In Table 2 we can observe that fasting plasma glucose in the HIV group (82 ± 7 mg/dL) was similar to controls (79 ± 11 mg/dL). Fasting serum insulin levels were modestly but significantly elevated in HIV patients (10.1 ± 5.4 × 7.0 ± 2.5 μU/mL p > 0.05) and in accordance, the HOMA index was higher in HIV patients (1.9 ± 0.9 × 1.5 ± 0.6 p < 0.05). Fasting plasma triglycerides were higher in the HIV group than in the controls (158 ± 91 × 78 ± 27 mg/dL p < 0.001). Fasting total and LDL cholesterol levels were similar in the HIV and controls. Mean HDL-C was lower in the HIV group than in the control group (50.9 ± 15.7 × 57.2 ± 12.3 mg/dL p < 0.05), and the ratio of triglycerides to HDL was also higher in HIV patients (3.8 ± 3.2 × 1.5 ± 0.7 p < 0.001). All the HIV patients were on stable HAART and plasma HIV-1 viral load was undetectable in 79% of the patients, and the T CD4+ lymphocytes number was over 350 in 95% of these patients. The levels of visfatin, leptin and adiponectin were similar between controls and HIV patients (Table 2). However, circulating levels of LPS were higher in HIV patients than in controls (0.23 ± 0.25 × 0.10 ± 0.1 EU/mL p = 0.01) (Table 2 and Fig. 1).
Table 2

Clinical and laboratory of study population

Variables

Control

HIV

Number

10

67

Fasting plasma glucose (mg/dL)

79.2 ± 11

82.2 ± 7

Triglycerides (mg/dL)

78.8 ± 27.5

158.3 ± 91.2**

Total cholesterol (mg/dL)

173.1 ± 19.8

189.0 ± 45

LDL (mg/dL)

101.4 ± 28.6

107.9 ± 36.08

HDL (mg/dL)

57.2 ± 12.3

50.9 ± 15.7*

Visfatin (ng/mL)

4.5 ± 1.2

6.9 ± 6.2

Leptin (ng/mL)

8.7 ± 6.7

6.8 ± 7.5

Adiponectin (μg/mL)

9.1 ± 3.1

9.0 ± 9.14

Trig/HDL

1.5 ± 0.7

3.76 ± 3.18**

Insulin (μU/mL)

7.0 ± 2.5

10.1 ± 5.4*

HOMA

1.5 ± 0.6

1.9 ± 0.9*

LPS (EU/mL)

0.08 ± 0.05

0.23 ± 0.25*

* p < 0.05, ** p < 0.001

Fig. 1

Circulating levels of LPS and Spearman correlation between circulating LPS leaves and selected insulin resistance index. a LPS circulating levels in controls (CTL), HIV patients, HIV patients with lipodystrophy (HIV/Lipo(+)) and without lipodystrophy (HIV/Lipo(−)) #p < 0.05 vs. control. b Correlation between LPS and TG (Triglycerides) (r = 0.49, p = 0.0001), between LPS and TG/HDL (r = 0.50, p = 0.0001), between LPS and insulin (r = 0.52, p = 0.0003), and between LPS and HOMA-IR (r = 0.52, p = 0.0005), in the entire group. O: HIV patients

In this regard, when we divided the HIV patients into two groups (with lipodystrophy and without lipodystrophy) the increase in LPS circulating levels were more evident in patients with lipodystrophy (0.42 ± 0.30 × 0.10 ± 0.1 EU/mL p = 0.01) than in patients without this abnormality 0.21 ± 0.16 × 0.10 ± 0.1 EU/mL p = 0.03), compared to controls in both situations. The levels of adiponectin were significantly lower in HIV patients with lipodystrophy (7.1 µg/mL × 10.1 µg/mL p < 0.02), but no differences in the levels of leptin or visfatin were observed between the groups.

Correlations

Related to the index of insulin resistance in HIV patients there was a positive correlation between insulin and TG/HDL (r = 0.64, p = 0.0001), between HOMA and TG/HDL (r = 0.61, p = 0.0001) and a negative correlation was seen between adiponectin and TG/HDL (r = − 0.50, p = 0.0011).
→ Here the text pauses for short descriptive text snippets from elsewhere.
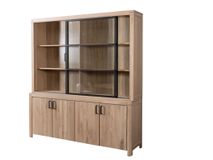 Vitrinekast MILL - Eik Bianco STO-1-TZ3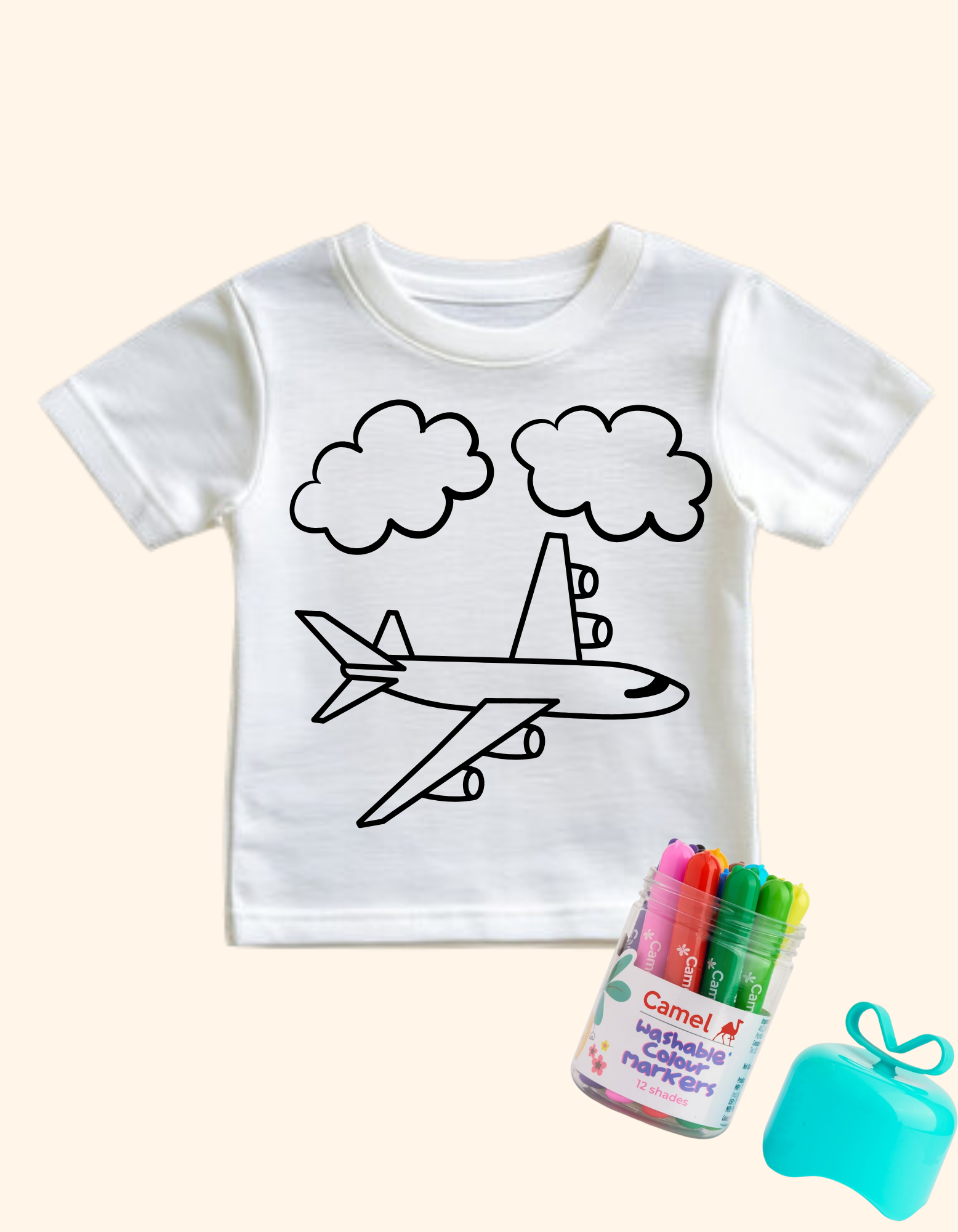 Aeroplane designed T-shirt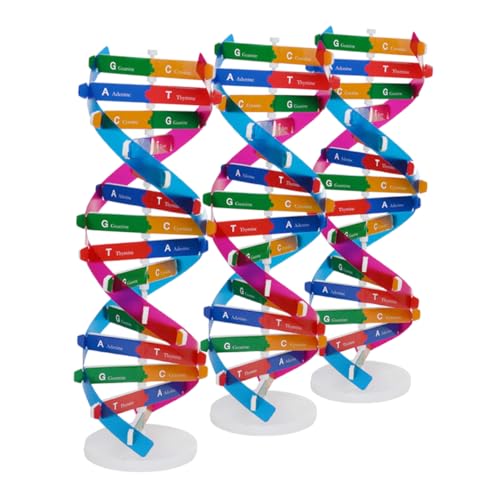 HOOTNEE 3stücke DNA Kit Teiliges Doppelhelix Für Schüler Wissenschaftliches Lernspielzeug Für Präzise Verständnisses Von Und Molekularbiologie HOOTNEE 3stücke DNA Kit Teiliges Doppelhelix Für Schüler Wissenschaftliches Lernspielzeug Für Präzise Verständnisses Von Und Molekularbiologie von HOOTNEE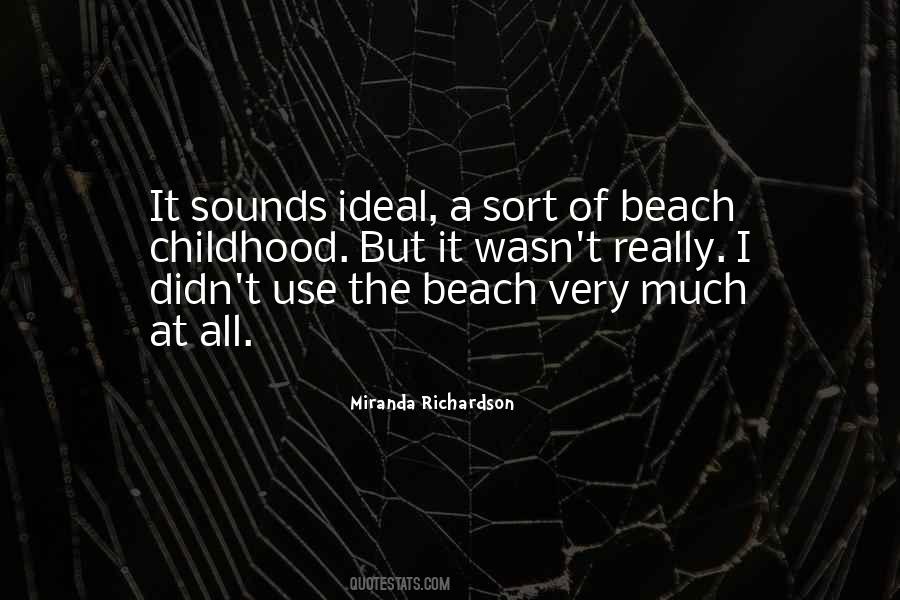 Having Fun In The Beach Quotes #44961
There was a weak inverse correlation between the number of CD4+ T cells and TG/HDL (r = 0.22 p < 0.05), and HOMA (r = 0.23 p < 0.04). However, no correlation was observed between CD4+ and LPS, but in very high LPS levels (> 0.5 EU/ml) there was a clear positive correlation between these two parameters (r = 0.94 p < 0.01).

There was a negative correlation between LPS and HDL (r = − 0.49, p = 0.0001), and a positive correlation between LPS and TG (r = 0.49, p = 0.0001), between LPS and TG/HDL (r = 0.50, p = 0.0001), between LPS and insulin (r = 0.52, p = 0.0003) and between LPS and HOMA-IR (r = 0.52, p = 0.0005), in HIV patients on HAART (Fig. 1). We found no significant correlations between BMI and total central fat or LPS levels, between LPS and adiponectin, visfatin or leptin.

Discussion

In the present study, we investigated the role of hormones produced by adipose tissue and LPS plasma levels, which is a marker of intestinal permeability, in the insulin resistance in HIV patients. Our results demonstrated an increase in LPS levels in HIV patients, suggesting a relationship between LPS levels and metabolic alterations, particularly affecting lipids and insulin resistance in these patients. On the other side, the hormones visfatin, adiponectin, and leptin did not show significant alterations in HIV patients on HAART.

Although glucose clamp is the standard gold method to measure insulin resistance, different studies have shown a close correlation between this method and HOMA for this purpose, and our data showed that HIV patients had higher levels of HOMA. Moreover, the triglyceride to high-density lipoprotein cholesterol (TG/HDL-C) concentration ratio has been shown to be a reliable index of insulin resistance, similar to the fasting serum insulin [3740]. The TG/HDL-C ratio as a direct measure of insulin resistance in overweight or obese adults was first reported by Reaven et al. and then confirmed in a larger sample [40]. Our data showed that in HIV patients treated with HAART the TG/HDL-C ratio presented a strong correlation with measurements of insulin resistance as fasting insulin and HOMA, and a negative correlation with adiponectin, indicating that in these patients this index can be used as a measurement of reduced insulin sensitivity.

As pointed recently [41], HOMA-IR does not provide a very precise estimate of peripheral insulin action and although not completely proved it might instead measure the ability of insulin to inhibit hepatic glucose production in the fasting state. In this regard, it is interesting that previous data showed that in HIV patients there is an infection of Kupffer cells in the liver which enhanced LPS cell-surface receptors (TLR4) and increased IL-6 and TNF-a expression [42]. Taken together these results with our data showing an increase in LPS levels we can suggest that these alterations can induce a clear hepatic insulin resistance.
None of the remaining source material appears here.